At mid-afternoon it began to snow. The pity of it—that Jean could not see it! She so loved the snow.
The snow continued to fall. At six o’clock the hearse drew up to the door to bear away its pathetic burden. As they lifted the casket, Paine began playing on the orchestrelle Schubert’s “Impromptu,” which was Jean’s favorite. Then he played the Intermezzo; that was for Susy; then he played the Largo; that was for their mother. He did this at my request. Elsewhere in my Autobiography I have told how the Intermezzo and the Largo came to be associated in my heart with Susy and Livy in their last hours in this life.
From my windows I saw the hearse and the carriages wind along the road and gradually grow vague and spectral in the falling snow, and presently disappear. Jean was gone out of my life, and would not come back any more. Jervis, the cousin she had played with when they were babies together—he and her beloved old Katy—were conducting her to her distant childhood home, where she will lie by her mother’s side once more, in the company of Susy and Langdon.
DECEMBER 26TH. The dog came to see me at eight o’clock this morning. He was very affectionate, poor orphan! My room will be his quarters hereafter.
The storm raged all night. It has raged all the morning. The snow drives across the landscape in vast clouds, superb, sublime—and Jean not here to see.
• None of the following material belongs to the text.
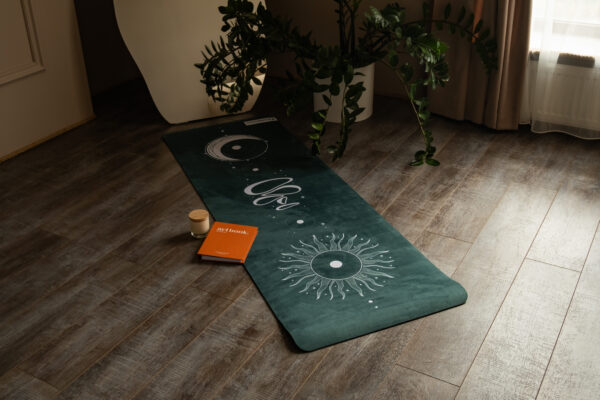 Green Stone Yoga Mat 5mm Non Slip Suede & TPE - Eco-Friendly Fitness & Exercise Mat for Home Gym, Pilates, Gaiam, Hot Yoga, and Meditation - Lightweight Durable 72 x 24 inch Workout Mat for Women & Men - Image 2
2:30 P.M.—It is the time appointed. The funeral has begun. Four hundred miles away, but I can see it all, just as if I were there. The scene is the library in the Langdon homestead. Jean’s coffin stands where her mother and I stood, forty years ago, and were married; and where Susy’s coffin stood thirteen years ago; where her mother’s stood five years and a half ago; and where mine will stand after a little time.
FIVE O’CLOCK.—It is all over.
When Clara went away two weeks ago to live in Europe, it was hard, but I could bear it, for I had Jean left. I said we would be a family. We said we would be close comrades and happy—just we two. That fair dream was in my mind when Jean met me at the steamer last Monday; it was in my mind when she received me at the door last Tuesday evening. We were together; WE WERE A FAMILY! the dream had come true—oh, precisely true, contentedly, true, satisfyingly true! and remained true two whole days.
And now? Now Jean is in her grave!
In the grave—if I can believe it. God rest her sweet spirit!